Thank you! It was an incredible honor to win this award. I hate to draw everything back to me being adopted, but I think it really explains a lot of things in my life. I was born during one of the worst droughts in Brazilian history in the middle of one of the most widely affected areas. My birth mother had the courage to put me up for adoption, and I was lucky enough to be adopted by a loving and supportive family in the US, but had that courage failed her, I very easily could have died with so many other Brazilians at the time. Because of this, I have always had this nagging feeling in the back of my mind that I shouldn’t be here, that maybe I should have died with all the others back in the early nineties. It’s survivor’s guilt, for sure, but it also motivates me. I feel that if I have been lucky enough not only to survive such a deadly situation, but to also have to an opportunity to build a budding early career as a writer, then it is my duty to write something meaningful, to write something that in some small way, gives back to the world. I guess it’s only natural that those themes manifest in my writing as well.

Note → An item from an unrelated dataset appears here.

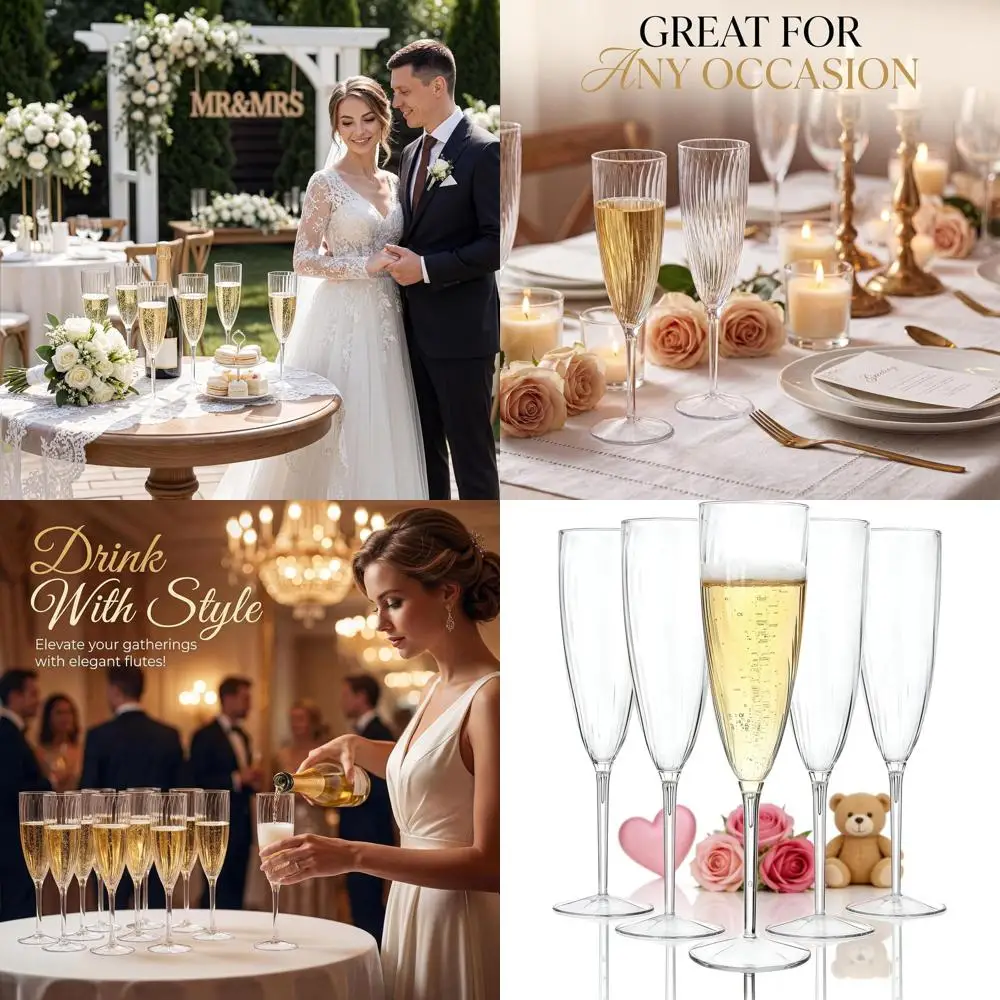 6 Oz Clear Plastic Champagne Flutes, 36-Pack, Disposable for Weddings, Birthdays, and Parties
6 Oz Clear Plastic Champagne Flutes, 36-Pack, Disposable for Weddings, Birthdays, and Parties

What can we expect to see from you next?
There are a few things in the pipeline, but first is another story that will be coming out in PodCastle sometime soon called, “Solace of the Keeper.” It’s got ghosts and sorcery and all that fun stuff too, though I think it’ll be a bit lighter and more fun. You need those kinds of stories as well. But further down the road, I just finished up a semi-autobiographical novel about two Brazilian twins separated at birth that may or may not be gods. The publisher hasn’t announced on that one yet, so that’s all I’ll say for now, but I’ll be sharing more details on social media when they’re available.